### EXERCISE REQUIREMENTS
Every line below from the one containing "756 Brown School" through the one containing "Used Peugeot 3008" is to be printed exactly, with the pictures omitted.
*** Opening DATA SUPPLIED ***
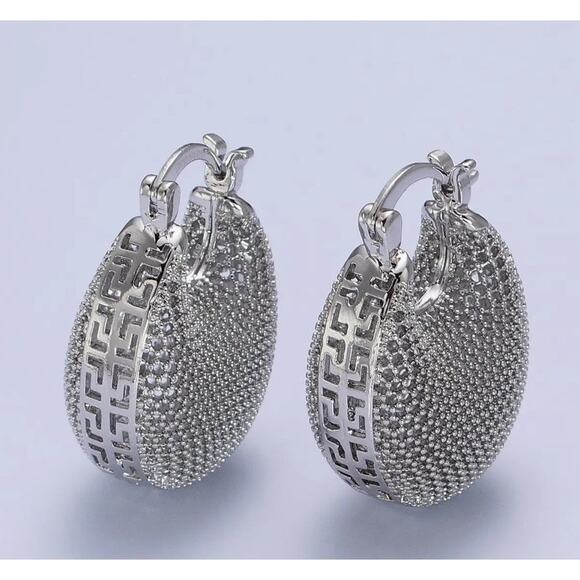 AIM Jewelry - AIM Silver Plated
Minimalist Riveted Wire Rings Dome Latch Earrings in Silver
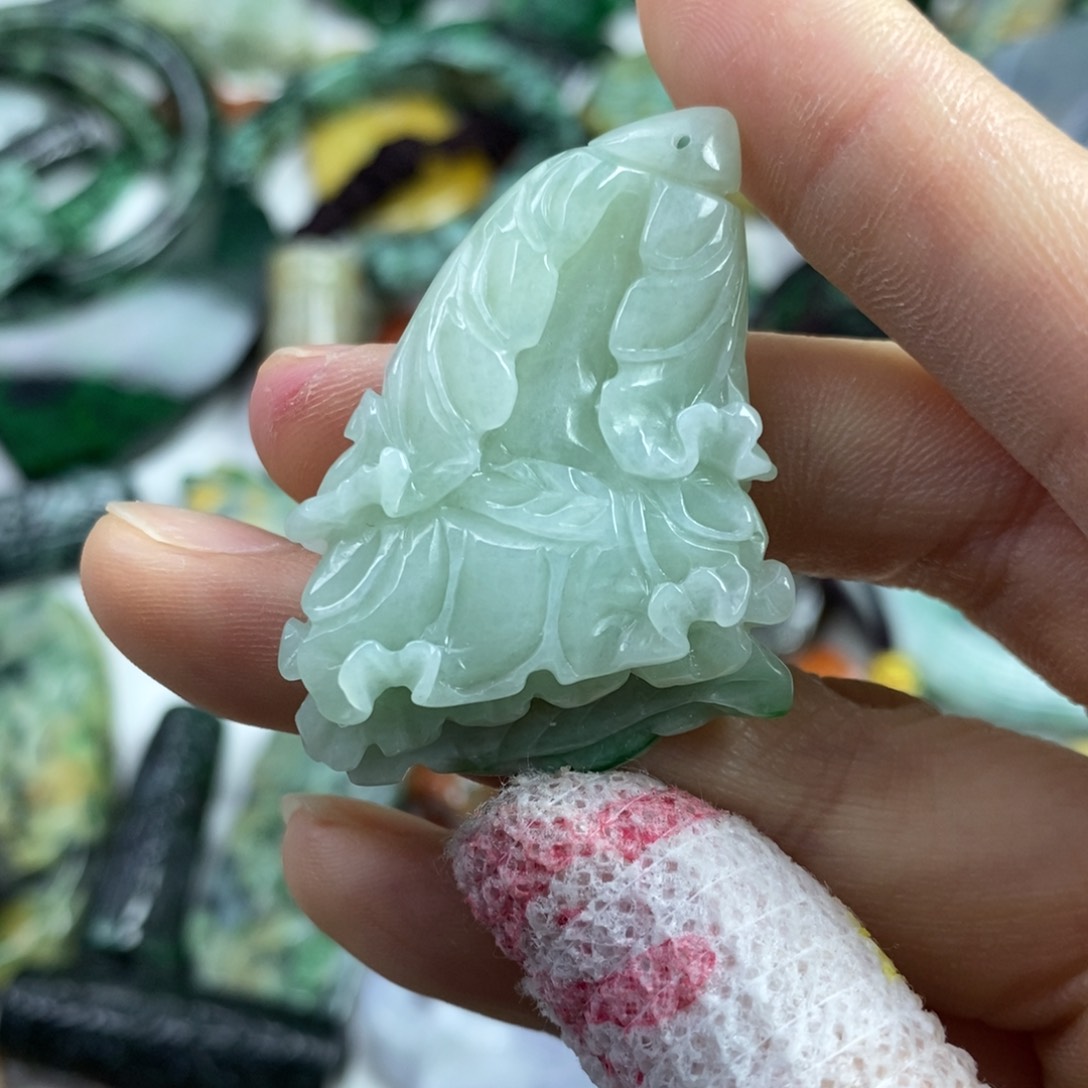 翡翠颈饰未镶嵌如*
*** Closing DATA SUPPLIED ***
*** Opening DATA SUPPLIED ***
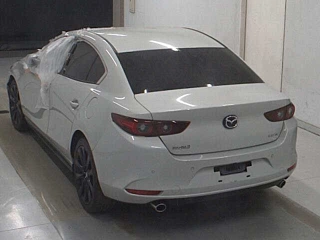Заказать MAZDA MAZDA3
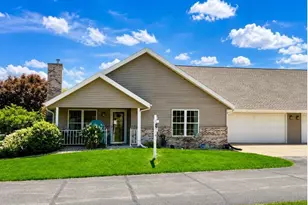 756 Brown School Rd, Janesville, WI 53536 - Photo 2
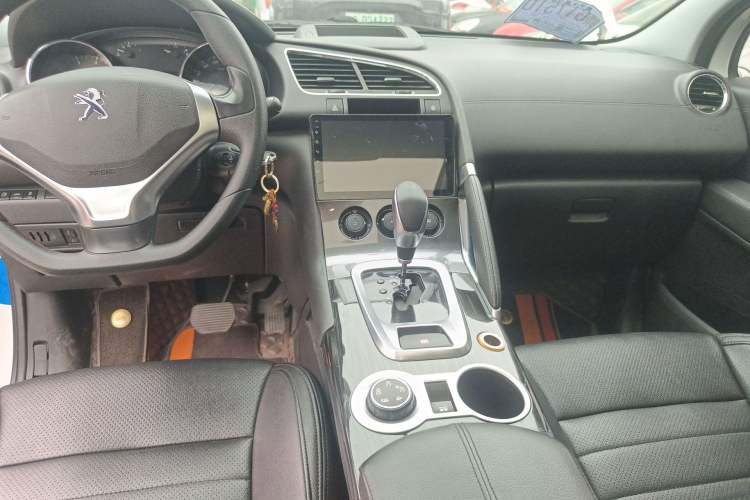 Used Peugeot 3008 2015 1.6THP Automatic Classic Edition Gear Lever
*** Closing DATA SUPPLIED ***
### RESPONSE FOR THIS EXERCISE
 756 Brown School Rd, Janesville, WI 53536 - Photo 2
 Used Peugeot 3008 2015 1.6THP Automatic Classic Edition Gear Lever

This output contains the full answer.